> What the task asks
Reproduce every entry word for word. Drop all pictures from the copy.

Items listed in a dataset:
************
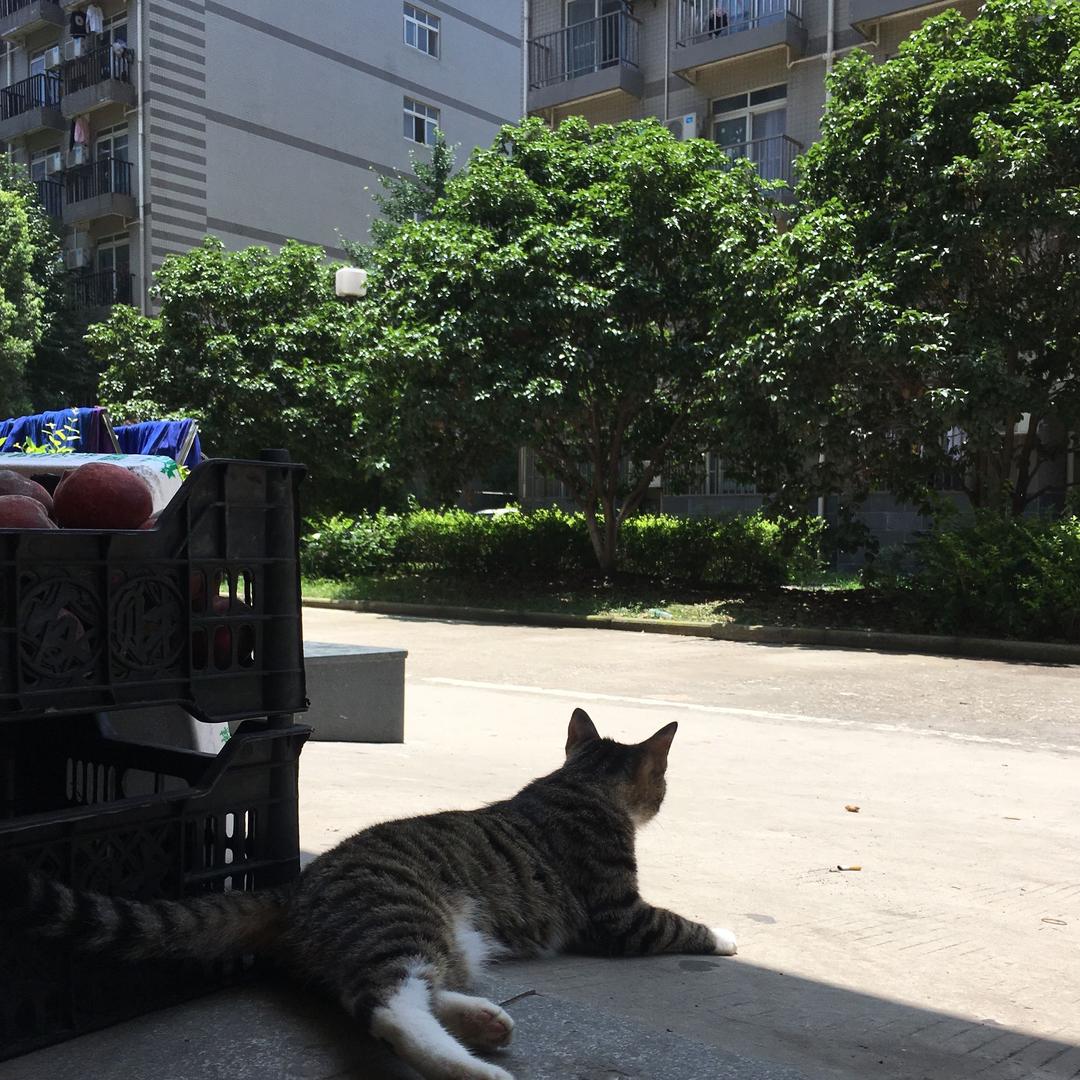 爱吃砂糖橘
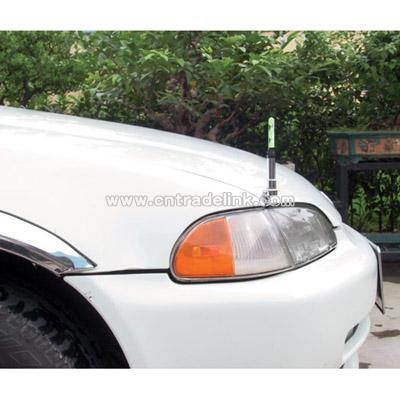 Car Antenna with Light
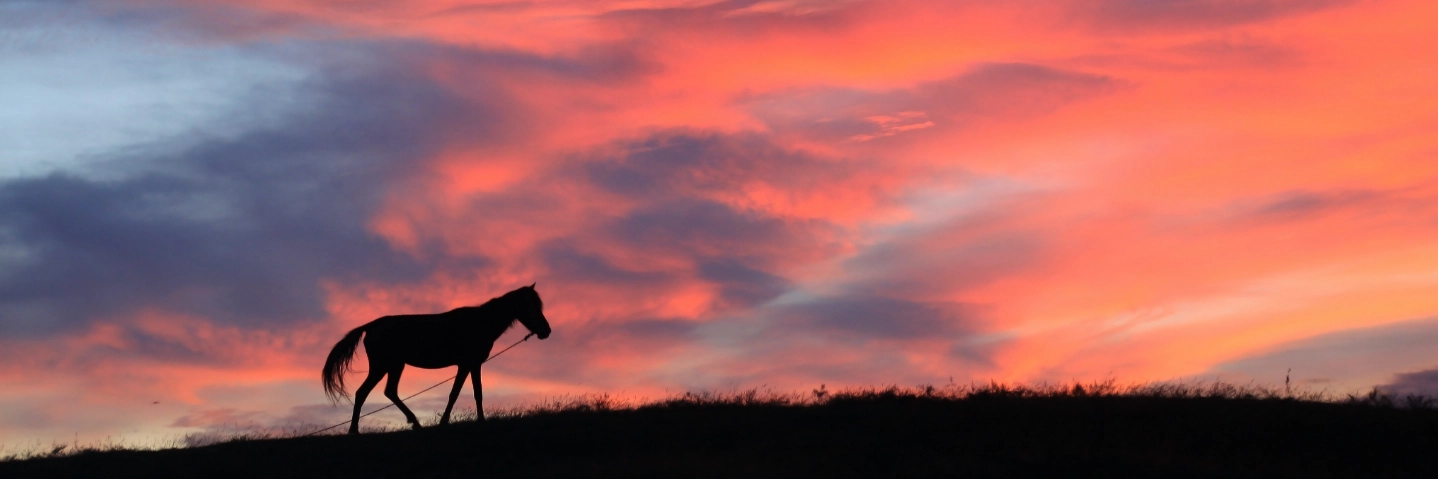 Equine Euthanasia-3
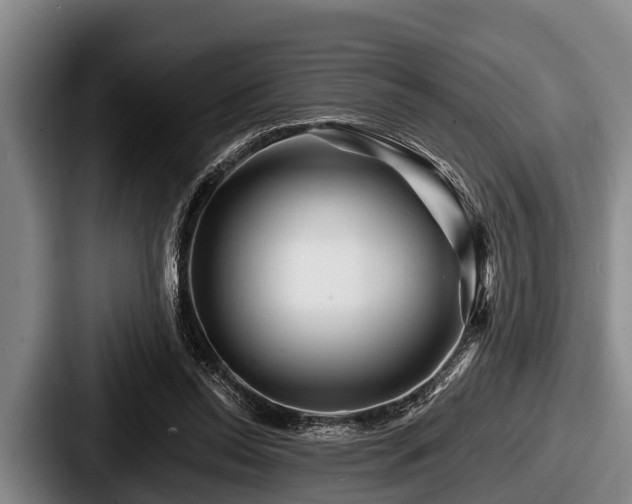 X0000087680350200705111305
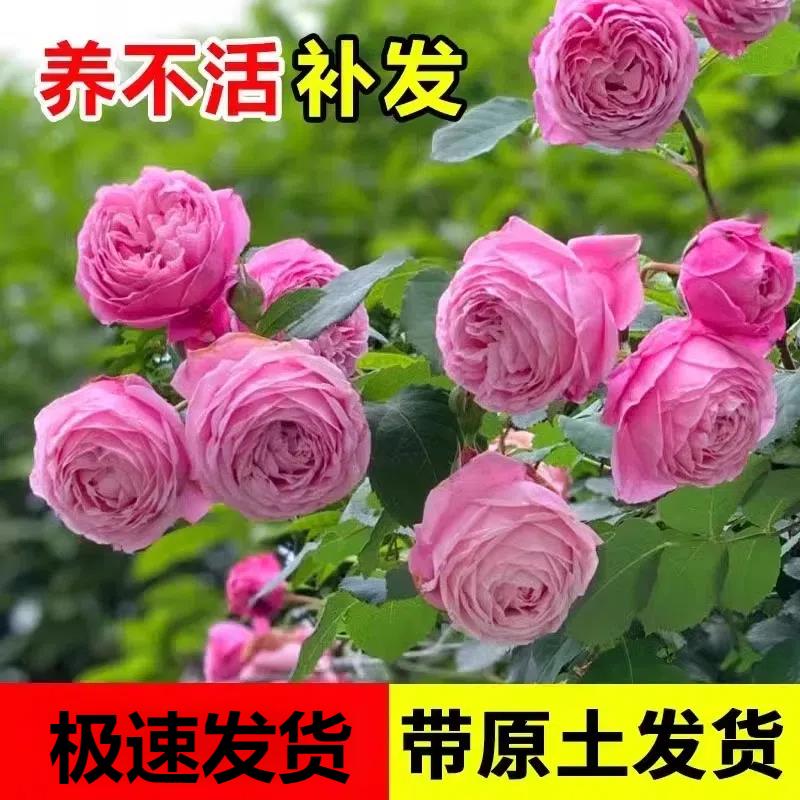 蔷薇花苗自由精神藤本月季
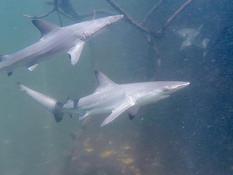 Requin bordé?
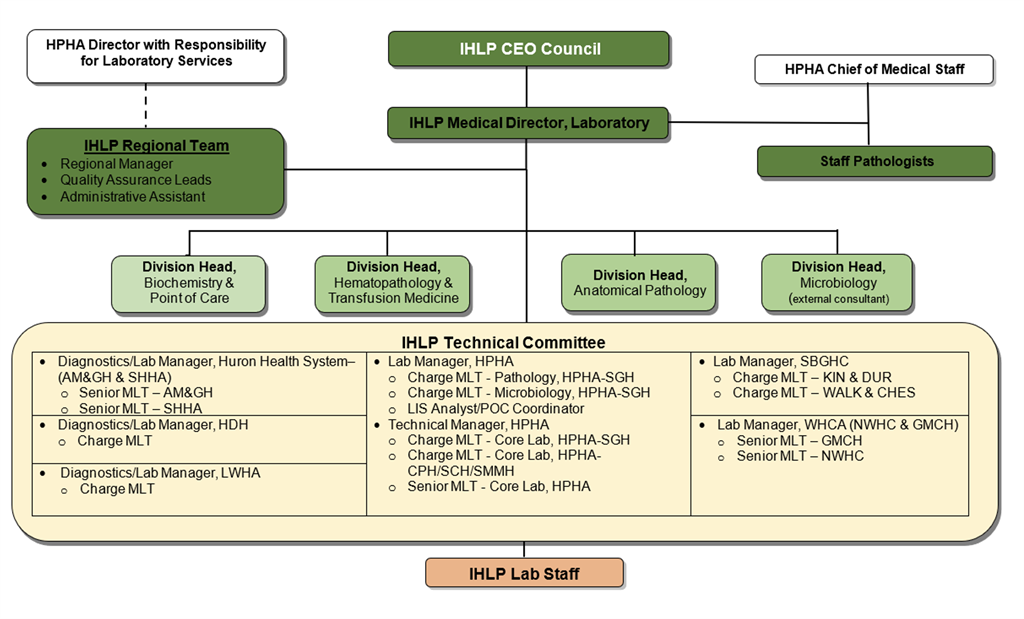 Flow chart showing the structure of staff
************
> Reply
 爱吃砂糖橘
 Car Antenna with Light
 Equine Euthanasia-3
 X0000087680350200705111305
 蔷薇花苗自由精神藤本月季
 Requin bordé?
 Flow chart showing the structure of staff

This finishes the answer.